V10/vol2/index/sandt.notes
Indexing Vol2
47 ``unrelated papers -> 40
724 pages -> 617+index
troff, tex, monk
Term Generation
titles & headings - with stop list for Introduction, Conclusions etc
repeated noun phrases
distinguished words/distinguished word+next
.I
.CW
.UL
code for: single entry only
global entry only
font change
result: paper.terms
problems:
single letter commands: sam a, sed s
common words that are commands: anim again
commands that match parts of words: uucp pack (not package), con
partial solution: CW a, I pack
but would like to match terms in tables, examples & pictures
Phrase finding
diction - fgrep for English with longest match
works on ``sentences'' not lines (.?!)
maps uppercase to lower, some punctuation to space
in terms: map upper to lower, substitute something for terms with .
result: linenumber term1
term2
term3
...
where case is lost in term?
restore case & terms with .
run paper.sed to remove paper dependencies
i.e. monk & tex font changes
paper specific string definitions
kludges to avoid matching problems (CW a etc)
add some consistency between papers (DMD5620)

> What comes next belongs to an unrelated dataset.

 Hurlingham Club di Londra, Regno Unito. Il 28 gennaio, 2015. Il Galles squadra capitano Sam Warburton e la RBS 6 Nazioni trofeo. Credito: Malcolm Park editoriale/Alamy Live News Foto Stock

using line number as an approximation insert
.Tm phrase or \index{phrase}
in a safe place in the paper
i.e. not inside .TS/.TE .PS/.PE
(for tex s/\t/<tab>/ in phrases)
run troff/tex/monk to produce file with page numbers
result:
page number<tab>phrase #.*
create file of
phrase:papername:page_number
papername:phrase:page_number
or just 1 of above if single/global only
sort by phrase & accumulating page numbers and tagging with font info
result: paper.ind
con, ipc, 536 c
ipc, con, 536 c
Making the index
get page ranges for each paper
trash any \\f* stuff that remains (breaks sort)
sort */*.ind
put size changes around strings of caps (with numbers $ / etc)
for multiple line with the same first term
if term in papernames - put out papername in italic & page ranges
then only put out 2nd term & pages - arranging for CW font where coded
putting line breaks & indentation in appropriate places for long line
results: lots better than commencial index with v7 vol2
about the right length - bwk books .015, bently pearls .05 gerard .01 this is .012
problems
folding uppercase to lowercase destroys ability to recognize case where it matters
(sam d D commands)
lack of consistency between papers
typesetter, typesetting etc
-ms vs ms
would like some terms to be multiply entered or qualified
Typesetting Mathematics
Mathematics, Typesetting
papers that explain by example hard to index
usefulness of headings varies greatly among the papers -
for some they're useless, for others they're really all that's
needed
some terms simply not literally in the papers
it's impossible to tell what terms are missing